How To Configure And Optimise Spellers
There are a number of different spellers being supported (or on the way to be supported in our infrastructure:
- fst-based spellers:
- zhfst files
- extensions for LibreOffice (oxt-files) based on LibreOffice-voikko
- foma spellers
- list-based spellers (support under development)
- PLX spellers (Sámi spellers for MS Word using closed-source technology)
- Hunspell files
Speller configuration
The basic configuration for building spellers is:
./configure --with-hfst --enable-spellers
There is one optimisation flag that is turned on by default:
--enable-minimised-spellers. For some languages this optimisation is
counterproductive, causing the speller to become very slow and unresponsive. If
this is the case, disable this optimisation as follows:
./configure --with-hfst --enable-spellers --disable-minimised-spellers
You should also play a bit with the next configuration option, and see which
combination of optimisations yeld the best performance.
Fst optimisations
Some languages, notably Greenlandic (kal), compiles into a very large net.

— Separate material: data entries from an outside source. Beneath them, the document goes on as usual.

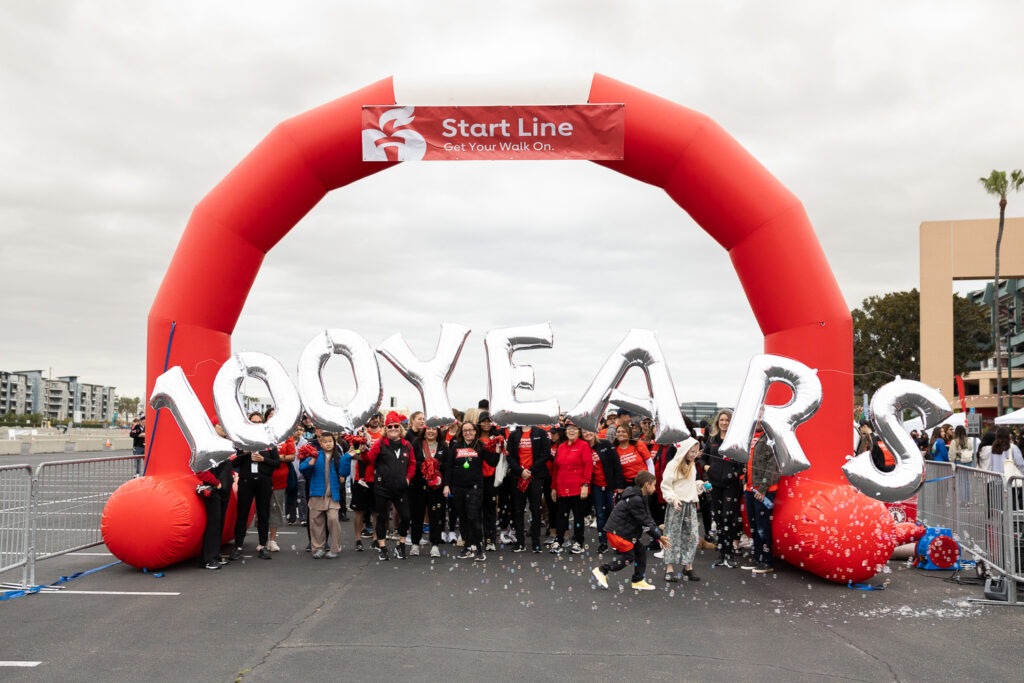 A group of people gathered under a large red arch that reads "Start Line." They hold silver balloons spelling "100 YEARS." Confetti is scattered on the ground, and the event appears celebratory. The sky is overcast.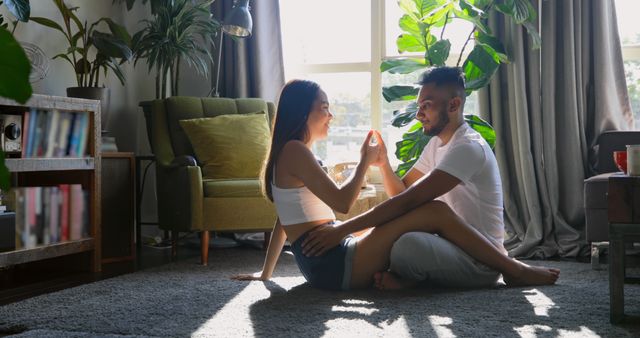 Young Couple Enjoying Afternoon at Home in Sunlit Living Room - Download Free Stock Images Pikwizard.com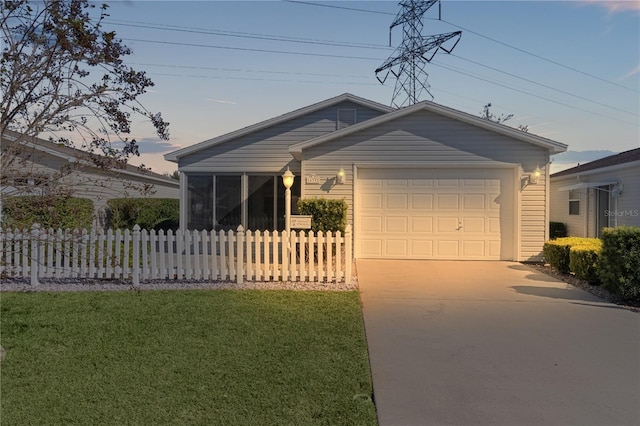 single story home with a garage and a lawn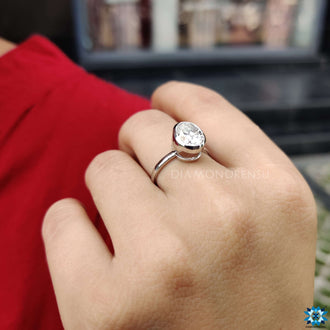 Handmade jewelry featuring a beautiful oval solitaire ring.
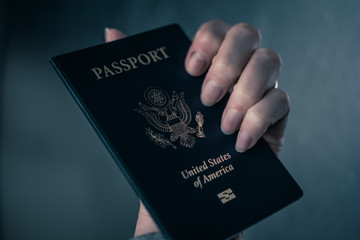 Female hand holding Passport of USA on blurred silver background.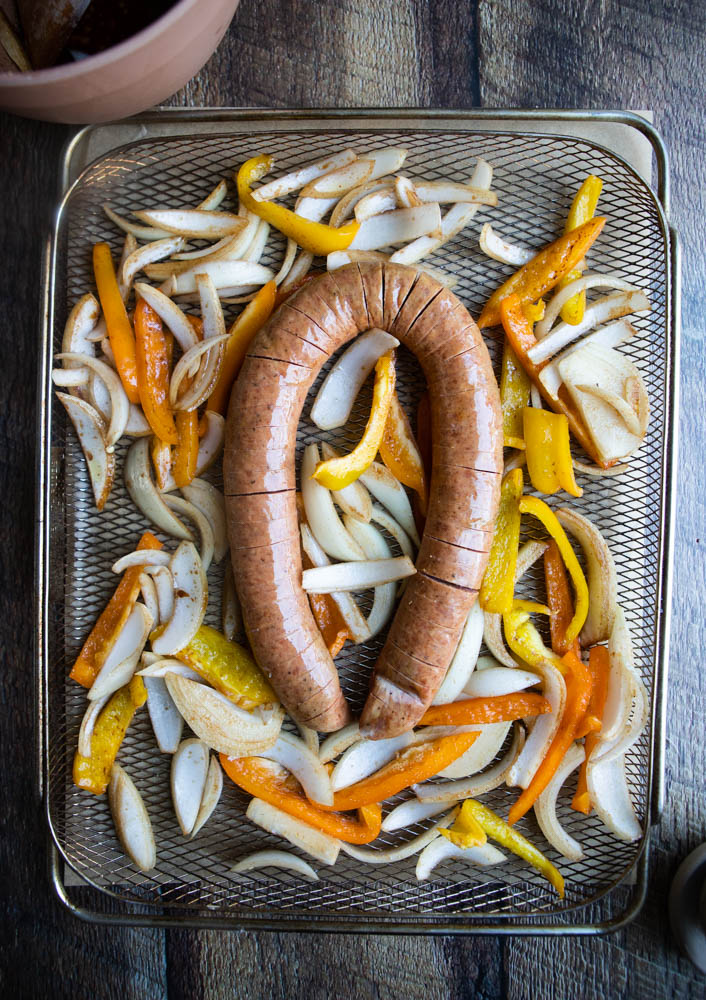 raw hasselback kielbasa on an air fryer basket surrounded by raw onions and peppers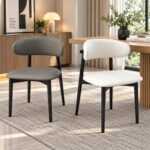 MODERN FAUX-LEATHER CRESCENT CHAIR WITH MATTE BLACK LEGS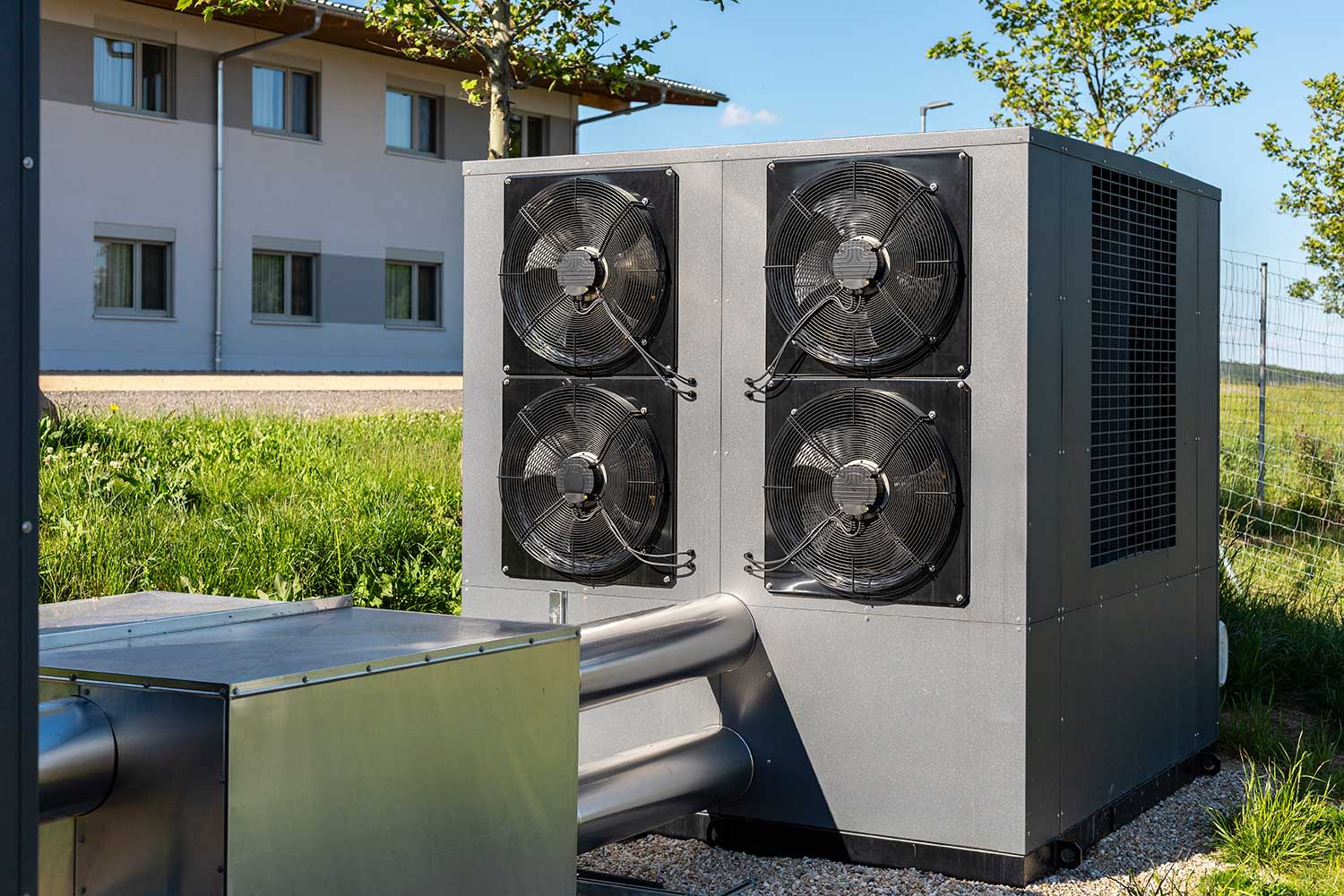 Wärmepumpe steht vor Gebäude.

Hfst supports something called hyper-minimisation in which paths are
replaced with automatically generated flag diacritics, such that otherwise
similar paths can be collapsed without changing the semantics of the language
model. This type of minimisation has a profound effect on some languages, and a
minimal effect on others. In some cases it has even increased the size of the
resulting fst. For Greenlandic the effect is stunning: from being a more or
less unusable behemoth at 160 Mb and more, the acceptor for the Greenlandic
speller (when combined with minimised spellers as described above) is reduced
to a mere 6,3 Mb. To turn on this type of fst size optimisation, configure as
follows:
./configure --with-hfst --enable-spellers --enable-hyperminimisation
Whether this option helps or not must be tested for each language, and
preferably documented. You can see how this and the previous option affects the
speller file sizes for three languages (fin, kal, sme)
here.
Error model optimisations
The default error model has two important properties:
- alphabet size
- transition weights
Further details about the error model and its parts and build configuration can
be found on a separate page.
Alphabet size
The alphabet size has a huge impact on the size of the final error model fst,
and with that, also the speed of creating suggestions. The smaller the alphabet
the smaller and speedier the fst. To ensure you have as small an alphabet as
possible, add as many characters as possible to the exclusion list in the
following file:
tools/spellcheckers/fstbased/hfst/editdist.default.txt
All other characters will be used to create a simple edit distance 1 error
model (this model is concatenated with itself to enable corrections of edit
distance 2).
Tip: use the terminal output of make in
tools/spellcheckers/fstbased/hfst/ (following the text
... and base alphabet size NN) as a starting point. Remove all regular
alphabetic symbols, and what is left should be excluded by adding them to
the file mentioned above.
Transition weights
The default error model created above is quite rough, as all transitions are
equally possible. To improve this, you can specify weights for specific
transition pairs (in the same file as above):
ø ö 0.5
The default weight is 1.0, and the above line says that replacing ø with
ö should only have a weighxt of 0.5, and thus be more likely than the
default. The columns are TAB separated.
Using this system, it is possible to tune the default error model to improve
the order of the suggestions by using general single-letter rules.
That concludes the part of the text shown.